Nei vari gruppi che hanno articolato la via dell’educare, ciò che fermamente è emerso e che mi sembra un importante punto di partenza, è che non è mai venuta meno la passione educativa della Chiesa, non solo nei confronti delle nuove generazioni, ma anche e soprattutto nei confronti degli adulti, degli educatori, degli animatori, dei catechisti, degli animatori pastorali, dei presbiteri stessi, così come l’educazione alla genitorialità ecc ecc. La comunità cristiana punta sull’educazione integrale della persona e sulla credibilità dell’educatore che si pone innanzitutto come testimone, come chi è stato lui per primo educato da Cristo e ha trovato in Lui il senso della sua vita. La comunità cristiana si pone quindi come obiettivo di educare all’unità della persona e della famiglia umana, la comunità.

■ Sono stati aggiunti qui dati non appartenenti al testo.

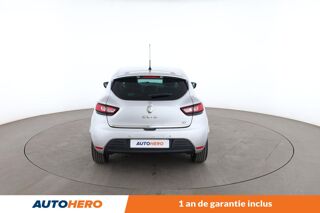 Clio 1.5 dCi Energy Intens EDC 90 ch 2017 occasion 92130 Issy-les-Moulineaux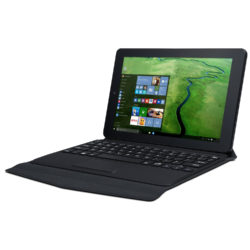 Odys Windesk 9 plus 3G V2 8,9 Zoll Tablet mit Tastatur für 99,90 € (147,89 € Idealo) @Notebooksbilliger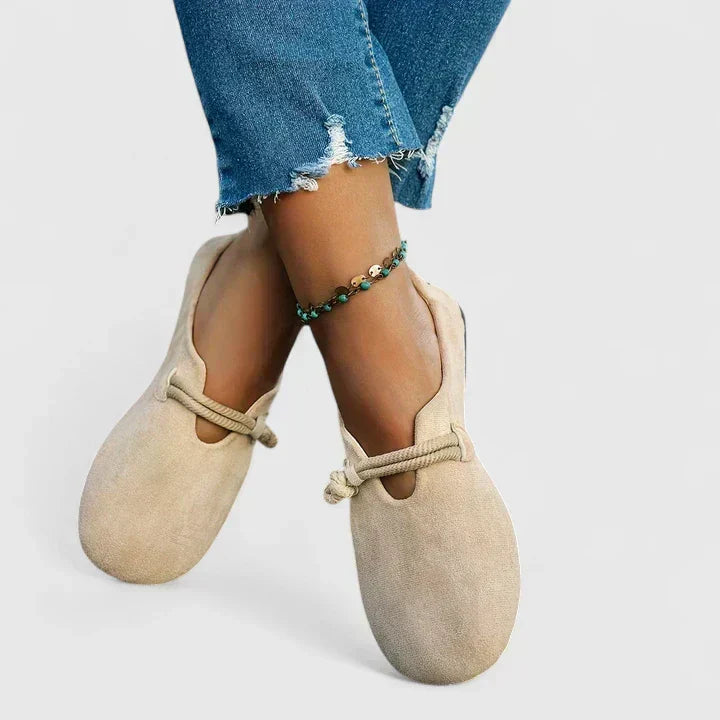 Women's Casual Slip-On Loafers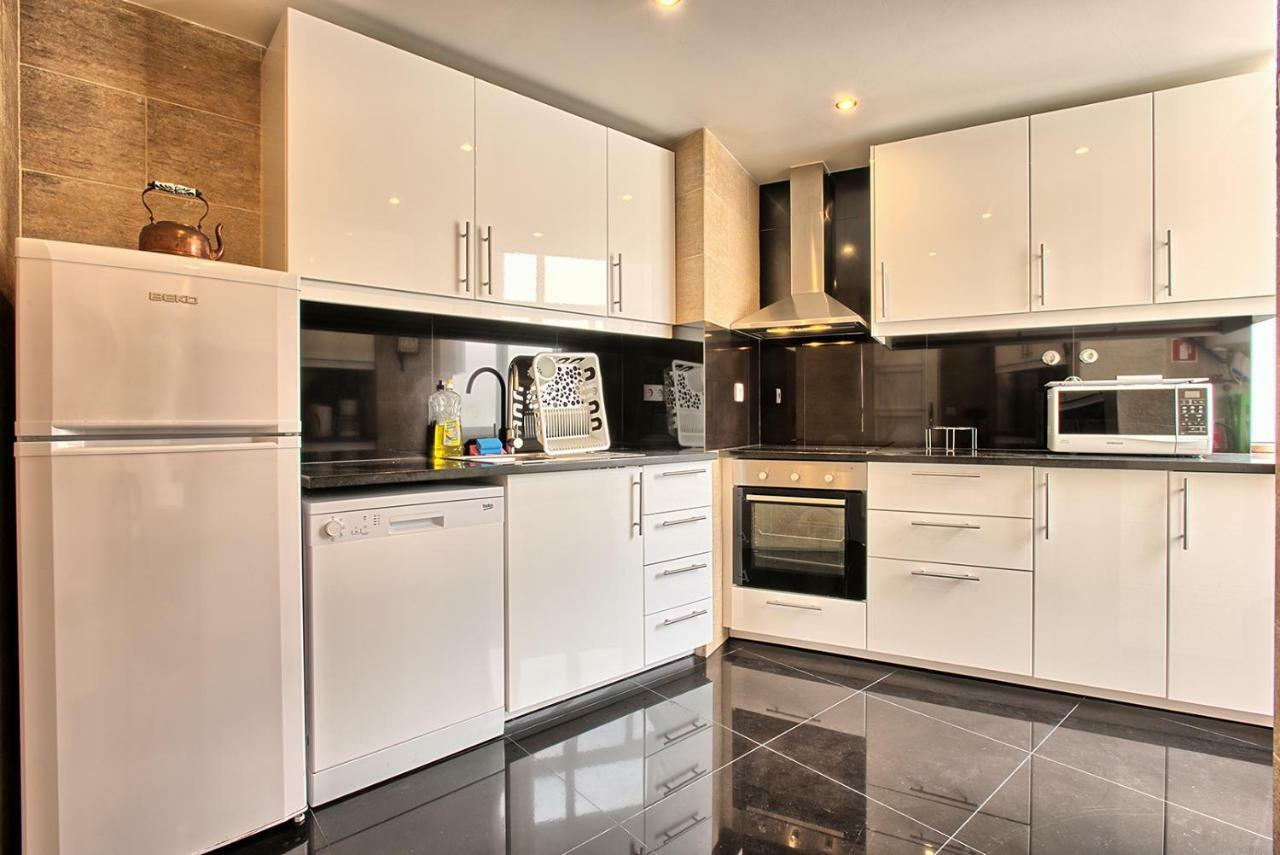 Almirante 3-Four Bedrooms Lissabon Exterior foto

L’educazione è una questione decisiva che riguarda tutti e non solo coloro che ne sono direttamente interessati. Da qui la necessità di promuovere e rafforzare le forme di alleanza educativa e di implementare nuove sinergie tra i diversi soggetti che interagiscono nell’educazione non solo all’interno della stessa comunità ma anche tra comunità diverse (creazione di forum), creando “tavoli di pensiero e di azione”, dove confrontarsi, formarsi, scambiarsi esperienze, cercare nuovi stimoli, tentare nuovi linguaggi da inserire sì negli ambienti digitali che oggi dominano le nostre comunicazioni, ma anche nella cultura e nella bellezza che bene si coniugano con la nostra fede.

È importante per una comunità l’educazione sociopolitica, l’educazione alla cittadinanza attiva e alla legalità. “I cristiani sono cittadini”, ricorda il Papa.

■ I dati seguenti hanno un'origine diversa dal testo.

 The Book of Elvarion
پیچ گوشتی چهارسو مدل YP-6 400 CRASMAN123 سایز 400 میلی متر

Si è posto l’accento sull’importanza di ripensare e creare dei nuovi percorsi formativi centralizzati sull’aspetto pastorale e pedagogico, percorsi che prevedano anche dei momenti comuni di scambio tra presbiteri, famiglie, laici e consacrati. L’obiettivo è quello di supportare e sostenere e accompagnare le fragilità di chiunque si impegni in questa magica sfida che è l’educazione, non lasciando nessun tema, nessun aspetto in sospeso.
Non meno importante è risultata essere la formazione sociopolitica, l’educazione alla cittadinanza attiva e alla legalità, perché come ci ha ricordato il Papa i cristiani sono cittadini.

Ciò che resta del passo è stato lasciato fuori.